Jumat, 11 November 2011

KE MINA MEMBAWA EMBER

8 Dzulhijah, suasana Mekkah sangat riuh sejak dini hari. Semua orang sepertinya tumpah ruah ke jalan raya, mondar-mandir dengan urusan masing-masing. Supermarket buka 24 jam. Apa pun yang dijual diserbu pembeli. Rak-rak berpendingin yang biasanya disesaki buah dan sayur tampak kosong melompong. Bus-bus ukuran besar dan kecil yang terparkir di depan hotel mulai dimuati berbagai barang. Barang bawaan jamaah dari Afrika sepertinya paling meriah, segala karpet hingga dandang berukuran besar-besar ditumpuk di atap bus.
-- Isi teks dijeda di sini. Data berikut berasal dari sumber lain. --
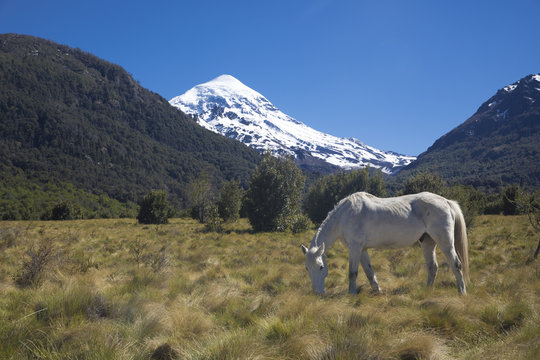Cara sur del Volc&aacute;n Lanin en el parque Nacional Lanin, Neuqu&eacute;n, Argentina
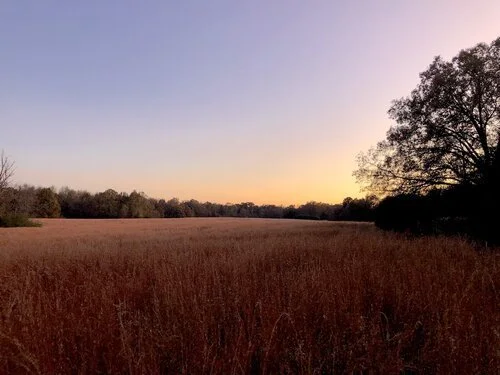 Sage Hills at Piperton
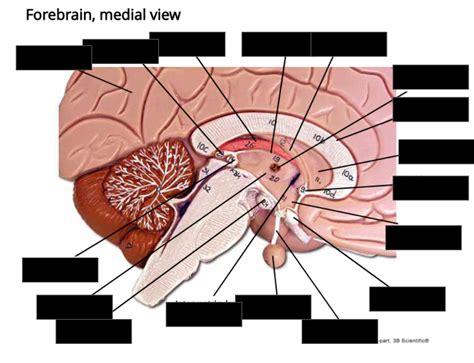 Forebrain, medial view Diagram | Quizlet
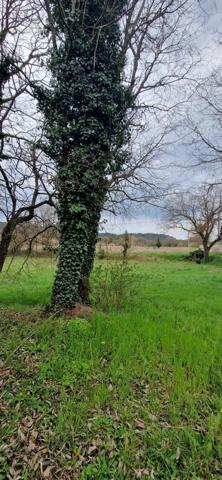 terrain constructible 997 m² bollene 84500  Bollène (84500)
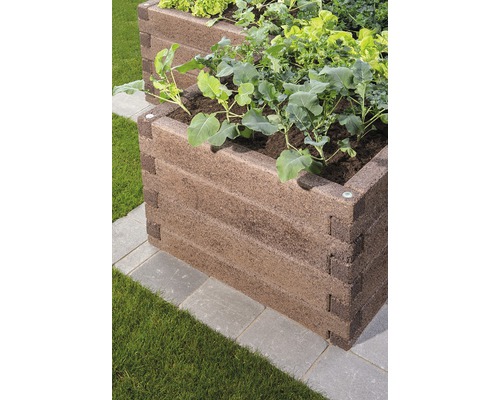 Hochbeet aus Holz mit Gemüsepflanzen im Garten.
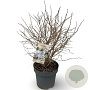 Prunus incisa 'Kojou-no-mai' 50-80 cm 12L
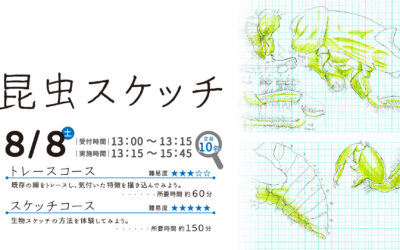 昆虫スケッチin 秋田県立博物館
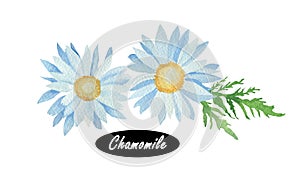 Watercolor Chamomile or camomile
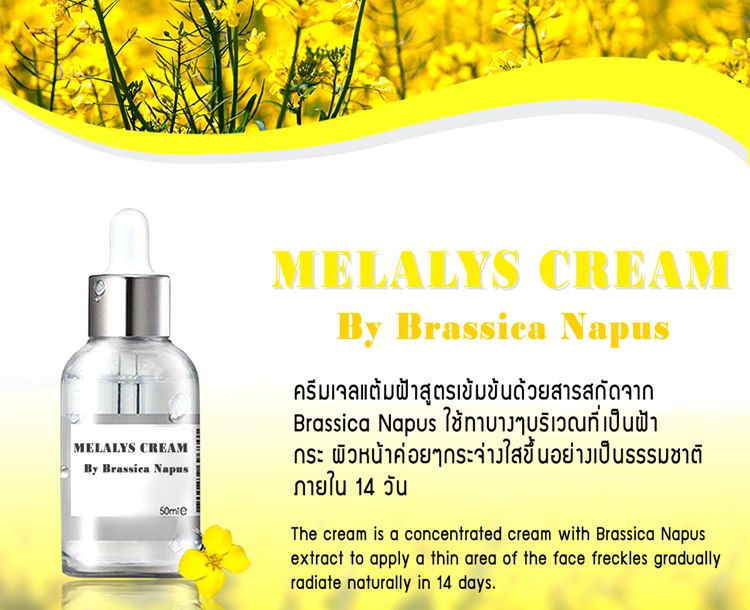 โรงงาน Prolabthai รับผลิตเครื่องสำอางค์ วิตามิน และอาหารเสริม ภายใต้แบรนด์ของคุณ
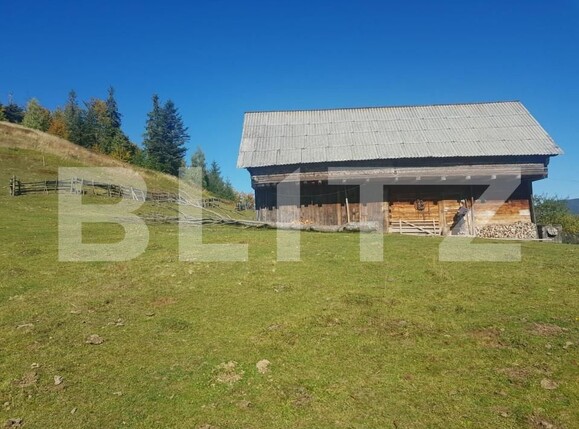 Teren de vânzare Vest - 141638TV | BLITZ Oradea | Poza8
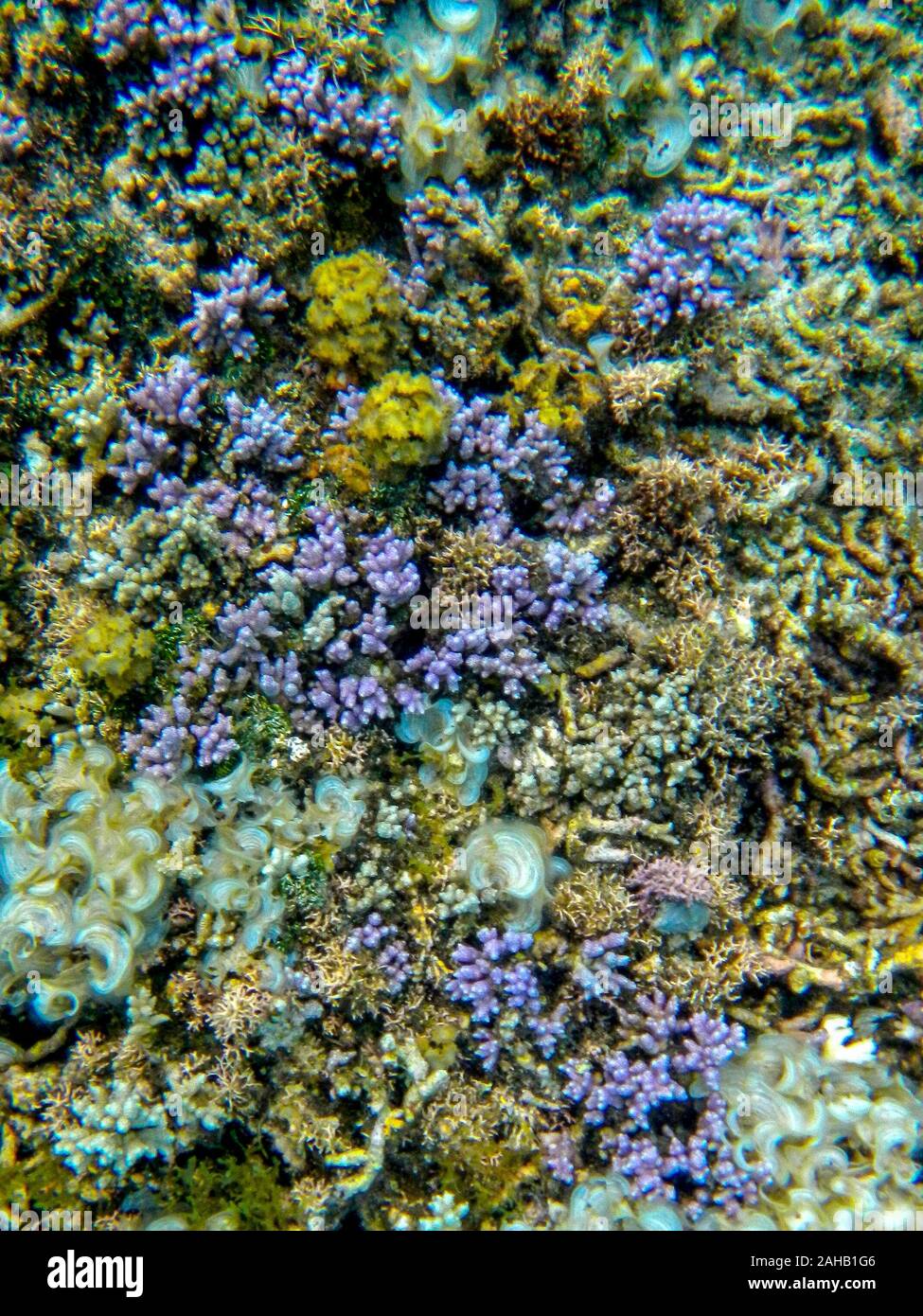 Vista subacquea della bella viola e corallo giallo fuori dell'isola di Efate in Vanuatu, nel Pacifico del Sud Foto Stock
Beberapa penumpang yang tidak kebagian tempat di dalam bus, asyik saja nongkrong di atap, sekalipun hanya mengenakan dua lembar kain ihram. Persis pemandangan KRL Jabodetabek di pagi hari. Suara klakson bersahutan di jalan raya. Meriah sekali!

Ya, semua sedang bersiap untuk puncak ritual haji, perjalanan ke Arafah-Muzdalifah-Mina (Armina). Tidak semua negara mengurus warganya, seperti yang terjadi pada jamaah dari Afrika, akibatnya. mereka harus membawa banyak barang untuk keperluan selama 5 hari itu. Ini berbeda dengan jamaah dari Asia Tenggara termasuk Indonesia yang mendapat pelayanan dari Muasasah Asia Tenggara yang menjadi bagian dari ONH yang dibayarkan. Selama berada di Armina, jamaah Indonesia mendapat katering 3 kali sehari, plus makanan ringan yang banyak dikirim atas nama fii sabilillah. Singkatnya jamaah tinggal membawa tas kecil berisi keperluan selama 5 hari itu, selebihnya konsentrasi ibadah saja.

Meski demikian ada juga satu-dua jamaah yang ngeyel membawa barang-barang pribadi yang sebetulnya merepotkan. Seperti salah satu jamaah dari rombongan saya. Sejak semua diminta untuk bersiap di loby, saya lihat ibu ini repot menenteng ember kesana-kemari. Tadinya saya pikir, dia belum selesai dengan keperluannya, mungkin masih mau mengangkat jemuran atau ke kamar mandi yang membutuhkan ember. Sampai semua bersiap, embernya tetap dipegang erat. Rupanya tidak hanya saya yang memerhatikan, salah seorang pemandu juga melihatnya, "Ibu, untuk apa membawa ember?" tanyanya. Dengan polos ia menjawab, "Saya perlu, Pak, saya tidak bisa mandi memakai shower, saya harus gebyar-gebyur," jawabnya polos sambil memeragakan orang mandi memakai gayung. Oalah, si pemandu hanya bisa tersenyum, "Ya sudah, yang penting tidak merepotkan, ibu," lanjutnya. "Enggak, Pak, enggak, repot," jawabnya buru-buru seakan takut kalau diminta meninggalkan embernya!